Tuesday, February 15, 2011

Kosta Khetagurov (Konstantin (Kosta) Khetagkati)


Konstantin (Kosta) Khetagkati (Ossetic: Хетæгкаты Къоста; 15 October [O.S. 3 October] 1859 — 1 April [O.S. 19 March] 1906) was a national poet of the Ossetian people who is generally regarded as the founder of the Ossetic literature. He was also a talented painter and a notable public benefactor. He is often known by the Russian version of his name, Kosta [Levanovich] Khetagurov (Russian: Коста́ (Константин) Лева́нович Хетагу́ров)
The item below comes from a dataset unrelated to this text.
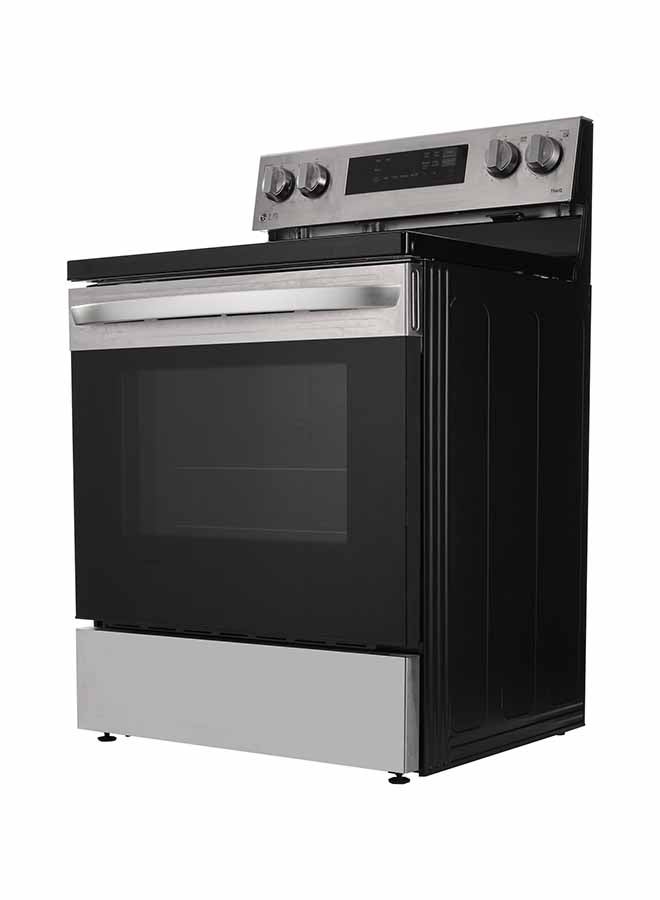إل جي - فرن طهي كهربائي LREL6321S رمادي - Image 1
Kosta Khetagkati’s house in Nar

Khetagurov was born in the village of Nar in what is now the Republic of North Ossetia-Alania. He studied at the Stavropol Gymnasium from 1871 to 1881, and entered the Saint Petersburg Academy of Arts in 1881, but had to abandon his studies due to financial constraint in 1885. Back in his native Ossetia, he became a prominent poet, whose poems composed in Ossetic quickly spread throughout Ossetian towns and villages in an oral form. He also published a number of poems, stories and articles in the Russian-language newspapers Severny Kavkaz (edited by himself, 1893–1902), and Kazbek. His paintings also gained in notable popularity, one of them depicting Saint Nino, a 4th-century Chrisitan baptizer of the Georgians, was particularly welcomed by the Georgian society.
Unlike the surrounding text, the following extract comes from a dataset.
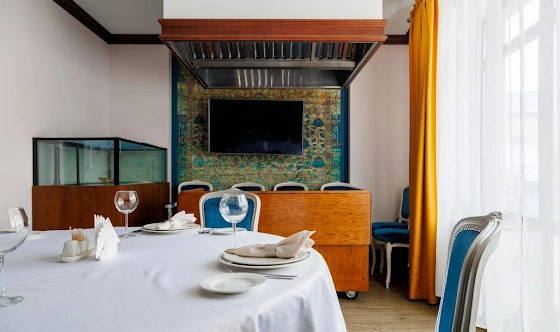 Фото №3 зала Зал "Зеленый"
Due to his criticism of the Imperial Russian government he was twice exiled from his motherland from 1891 to 1896 and again from 1899 to 1902. The last exile significantly shattered the poet's health and deprived him of the ability to continue his creative and social activities. Khetagurov died shortly afterwards in Karachay in 1906.


Painting Period
Although Kosta was partially unschooled, his paintings were still formidable. This allowed Kosta to live for a time from commissions of his skills. To much herald and trumpet there was a great exhibition of his work soon into this period. The exhibition was considered a cultural moment of note in [Vladikavkaz]. There are contemporary accounts that the exhibition was a great coup, both for the reputation and for the funding of Kosta.[1] There are three paintings of especial noteworthiness described in the accounts as the opus of the master: "Children Stone-breakers", "In an Ossetian Hut", "The Zikara Pass". There is an account of the verisimilitude of the painting "St.Nina", which upon display caused crowds to gather round and peer closely.It is said that these assembled throngs asked a custodial worker to let them unto a rope and poke the canvass to assure that it was a flat expanse and not a box with a statue contained.[3] Indeed, the painting is still held in high esteem today.[4] There was then the conundrum in that a paying opportunity presented itself, but only that of the rude painter of theatrical backdrops. This construction of scenes was lucrative but Kosta was displeased that the theaters advertised his presence so widely. He did not wish his name to become associated with that form of painting more crass.